Search
Question: Annotate gene counts
0
gravatar for Alexandra
3 months ago by
Alexandra0
Alexandra0 wrote:

 

Hi,

I am trying to analyse and RNASeq data set using DeSeq2. I would like to have the annotated genes in heat maps and also for making a HTML report using ReportingTools, but I am not sure how to pass an already annotated matrix to DESeqDataSetFromMatrix() or how to annotate the results after I call results() on the DeSeq object. 

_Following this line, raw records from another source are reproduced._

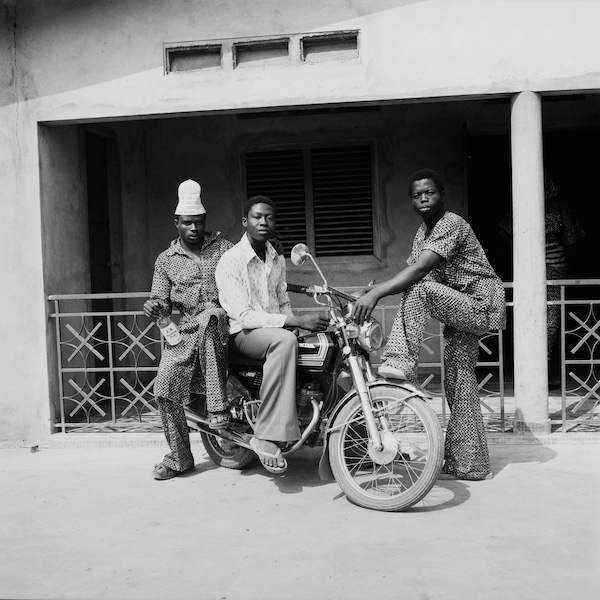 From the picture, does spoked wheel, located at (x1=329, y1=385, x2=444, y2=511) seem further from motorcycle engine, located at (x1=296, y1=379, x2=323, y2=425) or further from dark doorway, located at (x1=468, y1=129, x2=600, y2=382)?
dark doorway, located at (x1=468, y1=129, x2=600, y2=382)

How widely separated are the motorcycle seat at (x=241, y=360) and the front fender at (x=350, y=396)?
0.60 meters

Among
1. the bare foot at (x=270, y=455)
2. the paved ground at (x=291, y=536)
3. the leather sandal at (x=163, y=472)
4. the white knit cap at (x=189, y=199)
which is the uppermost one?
the white knit cap at (x=189, y=199)

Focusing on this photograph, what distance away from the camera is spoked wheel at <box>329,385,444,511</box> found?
4168 mm

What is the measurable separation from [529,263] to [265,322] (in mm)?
2188

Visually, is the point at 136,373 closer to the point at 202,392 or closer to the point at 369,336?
the point at 202,392

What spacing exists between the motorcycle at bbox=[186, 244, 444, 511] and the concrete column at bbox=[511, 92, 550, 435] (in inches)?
46.1

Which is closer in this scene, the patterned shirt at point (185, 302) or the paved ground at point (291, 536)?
the paved ground at point (291, 536)

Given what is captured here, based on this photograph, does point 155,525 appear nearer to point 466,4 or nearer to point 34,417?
point 34,417

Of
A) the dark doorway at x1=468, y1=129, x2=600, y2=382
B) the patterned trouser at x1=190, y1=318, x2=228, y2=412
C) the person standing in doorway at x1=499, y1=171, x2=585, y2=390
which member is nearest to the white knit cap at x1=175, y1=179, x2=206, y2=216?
the patterned trouser at x1=190, y1=318, x2=228, y2=412

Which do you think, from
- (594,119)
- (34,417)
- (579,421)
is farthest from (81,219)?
(594,119)

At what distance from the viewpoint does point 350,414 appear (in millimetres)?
4418

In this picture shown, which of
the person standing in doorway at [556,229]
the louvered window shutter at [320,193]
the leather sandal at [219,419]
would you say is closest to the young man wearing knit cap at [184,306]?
the leather sandal at [219,419]

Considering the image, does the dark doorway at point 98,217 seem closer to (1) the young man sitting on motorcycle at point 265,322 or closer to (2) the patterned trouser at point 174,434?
(2) the patterned trouser at point 174,434

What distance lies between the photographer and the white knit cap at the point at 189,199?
4.99m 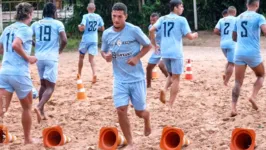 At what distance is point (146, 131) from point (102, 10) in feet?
70.8

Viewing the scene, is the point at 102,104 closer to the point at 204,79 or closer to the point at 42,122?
the point at 42,122

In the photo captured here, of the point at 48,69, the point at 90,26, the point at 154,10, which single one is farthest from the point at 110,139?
the point at 154,10

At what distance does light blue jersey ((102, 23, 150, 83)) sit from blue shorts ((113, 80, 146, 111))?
Result: 2.7 inches

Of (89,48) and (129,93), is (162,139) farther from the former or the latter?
(89,48)

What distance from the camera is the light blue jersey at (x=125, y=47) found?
711 centimetres

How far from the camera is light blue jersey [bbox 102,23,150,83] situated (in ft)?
23.3

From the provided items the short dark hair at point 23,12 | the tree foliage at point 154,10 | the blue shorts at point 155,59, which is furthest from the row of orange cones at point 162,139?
Answer: the tree foliage at point 154,10

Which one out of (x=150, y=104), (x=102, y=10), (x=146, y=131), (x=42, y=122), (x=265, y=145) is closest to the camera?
(x=265, y=145)

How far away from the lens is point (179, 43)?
990 centimetres

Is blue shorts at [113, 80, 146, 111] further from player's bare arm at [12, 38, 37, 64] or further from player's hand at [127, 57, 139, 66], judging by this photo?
player's bare arm at [12, 38, 37, 64]

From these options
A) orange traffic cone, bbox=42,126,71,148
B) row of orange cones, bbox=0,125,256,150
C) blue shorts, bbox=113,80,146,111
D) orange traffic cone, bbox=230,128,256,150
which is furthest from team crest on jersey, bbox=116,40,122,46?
orange traffic cone, bbox=230,128,256,150

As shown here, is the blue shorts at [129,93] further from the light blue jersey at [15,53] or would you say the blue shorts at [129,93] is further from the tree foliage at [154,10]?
the tree foliage at [154,10]

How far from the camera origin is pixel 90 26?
13.8m

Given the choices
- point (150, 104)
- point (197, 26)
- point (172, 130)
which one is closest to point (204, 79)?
point (150, 104) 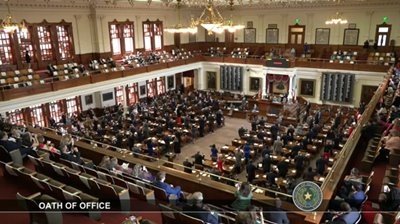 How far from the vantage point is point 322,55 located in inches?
1085

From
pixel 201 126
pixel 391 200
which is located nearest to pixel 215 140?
pixel 201 126

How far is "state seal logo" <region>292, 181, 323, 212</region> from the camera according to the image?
603 centimetres

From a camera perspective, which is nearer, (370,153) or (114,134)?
(370,153)

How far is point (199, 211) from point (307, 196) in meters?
2.03

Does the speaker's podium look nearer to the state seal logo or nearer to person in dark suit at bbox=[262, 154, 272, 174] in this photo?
person in dark suit at bbox=[262, 154, 272, 174]

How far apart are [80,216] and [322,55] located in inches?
1005

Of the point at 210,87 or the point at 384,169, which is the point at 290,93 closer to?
the point at 210,87

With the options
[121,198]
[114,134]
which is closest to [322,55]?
[114,134]

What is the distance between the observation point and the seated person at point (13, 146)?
27.4 feet

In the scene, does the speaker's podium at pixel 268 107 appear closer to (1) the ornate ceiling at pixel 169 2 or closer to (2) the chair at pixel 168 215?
(1) the ornate ceiling at pixel 169 2

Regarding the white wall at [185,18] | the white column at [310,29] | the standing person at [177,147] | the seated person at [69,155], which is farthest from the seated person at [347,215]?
the white column at [310,29]

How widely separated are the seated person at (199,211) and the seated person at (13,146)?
509 cm

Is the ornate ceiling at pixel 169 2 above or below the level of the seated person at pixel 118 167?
above

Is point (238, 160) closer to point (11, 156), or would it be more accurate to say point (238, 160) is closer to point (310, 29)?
point (11, 156) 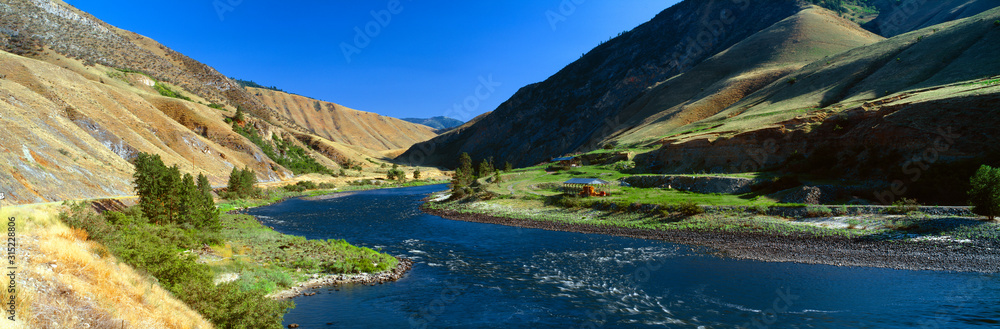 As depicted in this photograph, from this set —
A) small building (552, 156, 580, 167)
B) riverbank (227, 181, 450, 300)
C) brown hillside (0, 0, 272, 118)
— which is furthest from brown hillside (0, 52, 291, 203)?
small building (552, 156, 580, 167)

Here are my code and the output:

conddata<-read.csv("Pheno_data_clean.csv", row.names = 1)
conddata

count_matrix<-read.table('Summary/Raw_data_for_genes.csv', sep=',', header=TRUE, row.names = 1)

rawsamples<-c("JK1","JK2","JK3","neg1","neg2","neg3","pos1","pos2","pos3")

count_matrix<-count_matrix[,rawsamples]
annot_matrix<-count_matrixt[,c('EntrezGene','JK1', 'JK2', 'JK3', 'neg1', 'neg2', 'neg3', 'pos1', 'pos2', 'pos3' )]

data_counts<-DESeqDataSetFromMatrix(countData = count_matrix,
                                    colData = conddata,
                                    design = ~Treatment)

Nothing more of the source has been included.